What’s New in SAS/STAT 14.1 High-Performance Procedures

Highlights of Enhancements in SAS/STAT 13.2 High-Performance Procedures

Some users might be unfamiliar with updates that were made in the previous release. Following are highlights of enhancements for the SAS/STAT 13.2 high-performance procedures:

  • The high-performance analytical infrastructure was enhanced to include BY-group processing support for data that are predistributed in databases, Hadoop, SAS LASR Analytic Servers, and SAP HANA; to remove the need to specify the GRIDDATASERVER= option in the PERFORMANCE statement or set the GRIDDATASERVER environment variable when you run high-performance analytical procedures alongside databases; to remove the need to specify the GRIDMODE= option in the PERFORMANCE statement or set the GRIDMODE environment variable; to automatically determine the mode in which each data set in a single procedure step is accessed; and to enable the high-performance analytical procedures to read data from and write data to SAP HANA asymmetrically in parallel.

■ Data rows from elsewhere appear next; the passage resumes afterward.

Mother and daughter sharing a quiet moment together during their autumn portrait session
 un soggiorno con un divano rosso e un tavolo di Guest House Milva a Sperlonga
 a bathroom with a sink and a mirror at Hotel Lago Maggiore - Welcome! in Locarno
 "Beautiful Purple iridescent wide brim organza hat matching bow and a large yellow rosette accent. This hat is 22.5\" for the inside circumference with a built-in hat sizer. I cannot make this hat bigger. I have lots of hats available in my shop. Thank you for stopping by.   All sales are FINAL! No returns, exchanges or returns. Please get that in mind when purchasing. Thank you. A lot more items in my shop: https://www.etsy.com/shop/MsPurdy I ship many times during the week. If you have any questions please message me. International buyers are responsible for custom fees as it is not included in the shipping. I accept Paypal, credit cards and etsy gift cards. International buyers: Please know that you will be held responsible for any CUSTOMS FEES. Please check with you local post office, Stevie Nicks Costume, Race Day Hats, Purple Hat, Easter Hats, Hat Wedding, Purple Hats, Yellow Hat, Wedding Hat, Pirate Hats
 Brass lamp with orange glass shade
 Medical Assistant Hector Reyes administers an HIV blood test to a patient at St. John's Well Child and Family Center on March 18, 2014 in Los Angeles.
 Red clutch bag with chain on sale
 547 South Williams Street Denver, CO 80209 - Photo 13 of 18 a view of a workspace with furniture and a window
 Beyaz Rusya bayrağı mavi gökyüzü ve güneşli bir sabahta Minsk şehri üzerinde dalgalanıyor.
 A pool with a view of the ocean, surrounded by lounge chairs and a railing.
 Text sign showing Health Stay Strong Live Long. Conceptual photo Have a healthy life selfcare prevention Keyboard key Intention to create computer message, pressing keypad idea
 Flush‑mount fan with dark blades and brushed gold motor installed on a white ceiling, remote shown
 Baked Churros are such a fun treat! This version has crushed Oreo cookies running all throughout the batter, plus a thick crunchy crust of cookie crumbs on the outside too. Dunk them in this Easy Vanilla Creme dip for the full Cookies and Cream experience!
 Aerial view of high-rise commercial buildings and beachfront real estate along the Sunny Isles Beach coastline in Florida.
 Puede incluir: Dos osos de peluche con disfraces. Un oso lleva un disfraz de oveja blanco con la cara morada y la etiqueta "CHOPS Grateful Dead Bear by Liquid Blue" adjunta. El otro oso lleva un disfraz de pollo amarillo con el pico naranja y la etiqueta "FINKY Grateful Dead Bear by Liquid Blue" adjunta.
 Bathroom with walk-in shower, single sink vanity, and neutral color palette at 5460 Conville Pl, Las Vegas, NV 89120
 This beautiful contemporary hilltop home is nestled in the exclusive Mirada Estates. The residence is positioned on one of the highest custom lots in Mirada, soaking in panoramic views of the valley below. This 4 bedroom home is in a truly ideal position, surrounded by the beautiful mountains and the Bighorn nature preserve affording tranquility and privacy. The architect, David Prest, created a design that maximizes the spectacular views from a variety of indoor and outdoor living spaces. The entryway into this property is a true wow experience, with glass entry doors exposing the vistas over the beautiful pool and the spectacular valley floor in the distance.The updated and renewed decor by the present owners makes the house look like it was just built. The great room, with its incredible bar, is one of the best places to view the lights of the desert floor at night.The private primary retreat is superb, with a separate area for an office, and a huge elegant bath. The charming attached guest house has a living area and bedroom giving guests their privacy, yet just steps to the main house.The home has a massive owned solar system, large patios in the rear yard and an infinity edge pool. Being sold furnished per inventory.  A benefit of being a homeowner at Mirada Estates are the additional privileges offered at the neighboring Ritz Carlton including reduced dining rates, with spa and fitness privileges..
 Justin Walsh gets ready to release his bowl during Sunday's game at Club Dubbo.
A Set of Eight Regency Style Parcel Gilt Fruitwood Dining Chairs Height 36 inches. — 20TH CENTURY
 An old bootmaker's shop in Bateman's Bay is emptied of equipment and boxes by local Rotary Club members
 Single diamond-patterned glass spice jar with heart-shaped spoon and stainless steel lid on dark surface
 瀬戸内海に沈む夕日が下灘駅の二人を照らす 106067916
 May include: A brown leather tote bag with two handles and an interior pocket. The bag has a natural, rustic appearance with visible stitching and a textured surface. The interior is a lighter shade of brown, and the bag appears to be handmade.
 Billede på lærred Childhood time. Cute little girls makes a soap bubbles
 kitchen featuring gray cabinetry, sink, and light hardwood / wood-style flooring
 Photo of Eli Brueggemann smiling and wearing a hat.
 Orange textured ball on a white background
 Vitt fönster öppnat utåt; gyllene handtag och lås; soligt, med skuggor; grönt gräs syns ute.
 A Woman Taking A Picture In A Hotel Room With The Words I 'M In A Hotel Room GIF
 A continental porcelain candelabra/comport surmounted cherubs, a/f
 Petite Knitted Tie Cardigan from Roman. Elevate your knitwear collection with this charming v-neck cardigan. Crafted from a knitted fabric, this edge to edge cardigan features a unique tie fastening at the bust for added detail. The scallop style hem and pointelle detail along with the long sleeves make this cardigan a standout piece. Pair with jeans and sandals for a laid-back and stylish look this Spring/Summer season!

  • Two new procedures were added:

    • The HPPLS procedure fits models by using any of several linear predictive methods, including partial least squares (PLS), to optimally address one or both of these two goals: explaining response variation and explaining predictor variation.

    • The HPQUANTSELECT procedure performs high-performance quantile regression analysis. PROC HPQUANTSELECT not only fits quantile regression models but also offers extensive capabilities for quantile regression model selection, and it supports statistical inferences with or without the assumption of independently and identically distributed (iid) errors.

  • Two procedures were enhanced:

    • The HPLOGISTIC procedure was enhanced to enable you to divide the observations in the input data set into disjoint subsets for model training, validation, and testing; control the classification of events and nonevents; use the validation data set during the selection process; input your own starting values for the optimization; create data for receiver operating characteristic (ROC) curves; specify population prevalences that are used to adjust displayed statistics; output the posterior probabilities; and output the partition to which the observation is assigned. In addition, the AIC, BIC, and AICC criteria were added to the SELECT= option in the SELECTION statement.

    • The HPGENSELECT procedure added the PARTITION statement, which enables you to specify how observations in the input data set are to be logically partitioned into disjoint subsets for model training, validation, and testing. Models are fit and selected based on the training data. You can use the validation and test sets to assess how the selected model generalizes on data that played no role in selecting the model.